**Recorded information:**
/---

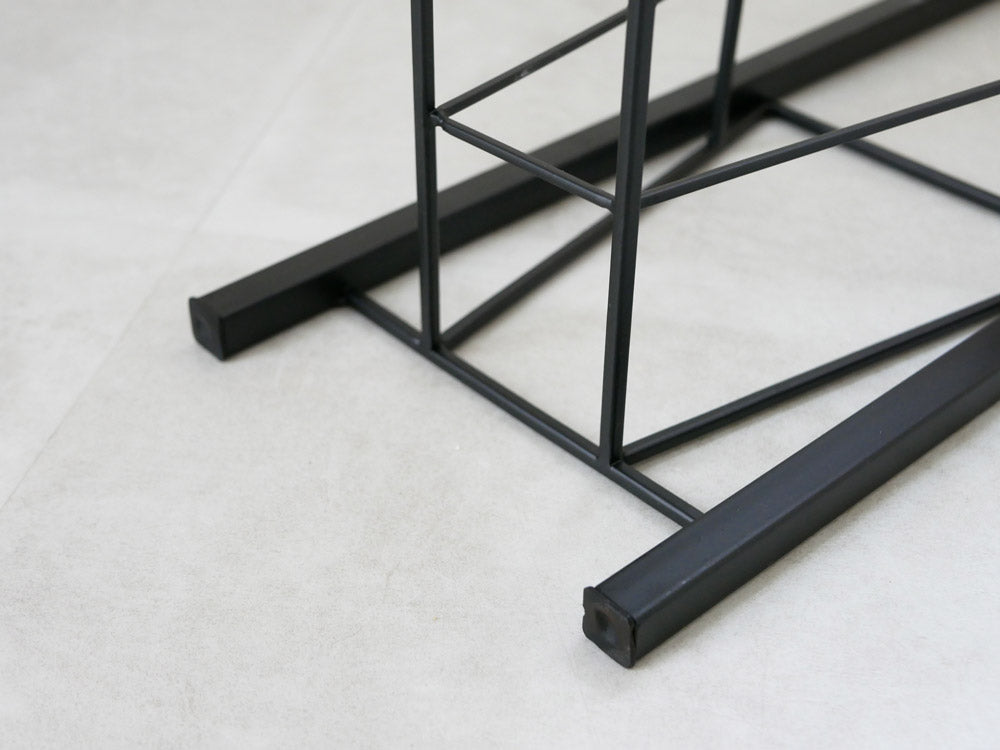 POSH LIVINGブランドのアイアンとマンゴーウッドのマガジンラック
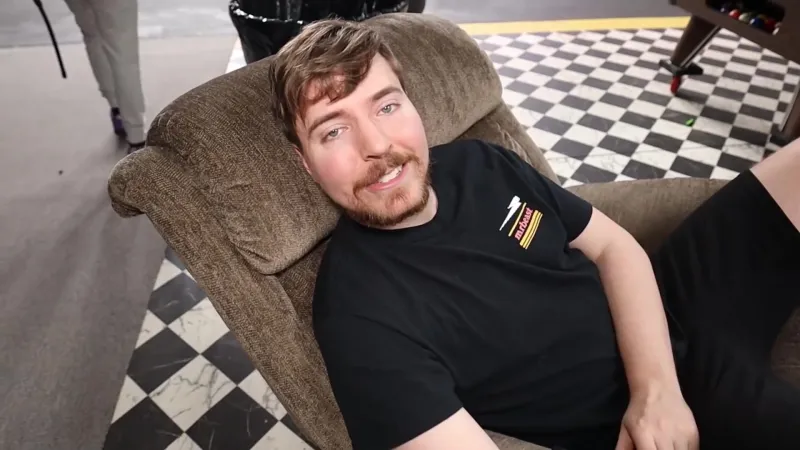 MrBeast يعيد تعريف محتوى الإنترنت وينتج أغلى فيديو في تاريخ يوتيوب MrBeast يعيد تعريف محتوى الإنترنت وينتج أغلى فيديو في تاريخ يوتيوب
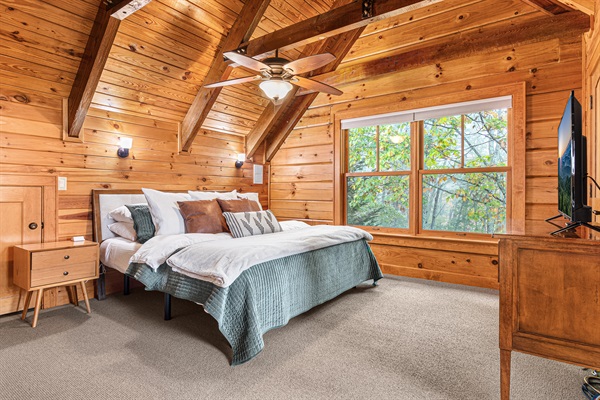 Upstairs Master with en suite and new King bed.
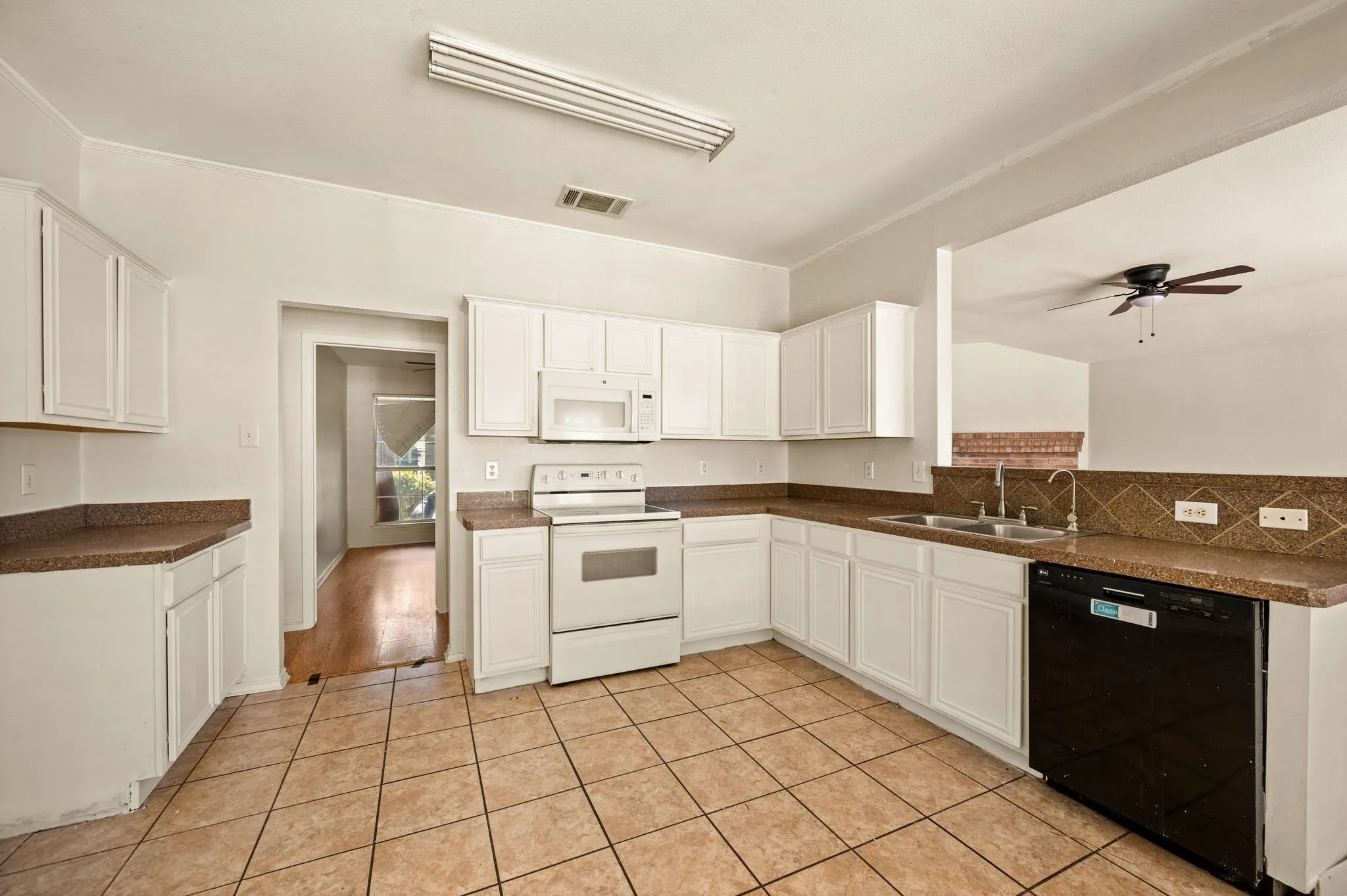 Single Family Residence For Sale in Dallas County , 7706 Coral Way, Rowlett, Texas 75088, 3 Bedroom, 2 Bathroom, 2 Garage spaces, 1,697 Sqft, built in 1997, mls#21389740, Real Estate Agent in Rowlett, Homes For Sale in Dallas county, Homes For Sale in Rowlett, Realtor in Rowlett Texas, Real Estate Brokerage Independent Realty Texas, Luminita Cordes Realtor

\---

**What the task asks:** Please set down the whole listing above exactly and skip every picture.

**Written reply:**
 POSH LIVINGブランドのアイアンとマンゴーウッドのマガジンラック
 MrBeast يعيد تعريف محتوى الإنترنت وينتج أغلى فيديو في تاريخ يوتيوب MrBeast يعيد تعريف محتوى الإنترنت وينتج أغلى فيديو في تاريخ يوتيوب
 Upstairs Master with en suite and new King bed.
 Single Family Residence For Sale in Dallas County , 7706 Coral Way, Rowlett, Texas 75088, 3 Bedroom, 2 Bathroom, 2 Garage spaces, 1,697 Sqft, built in 1997, mls#21389740, Real Estate Agent in Rowlett, Homes For Sale in Dallas county, Homes For Sale in Rowlett, Realtor in Rowlett Texas, Real Estate Brokerage Independent Realty Texas, Luminita Cordes Realtor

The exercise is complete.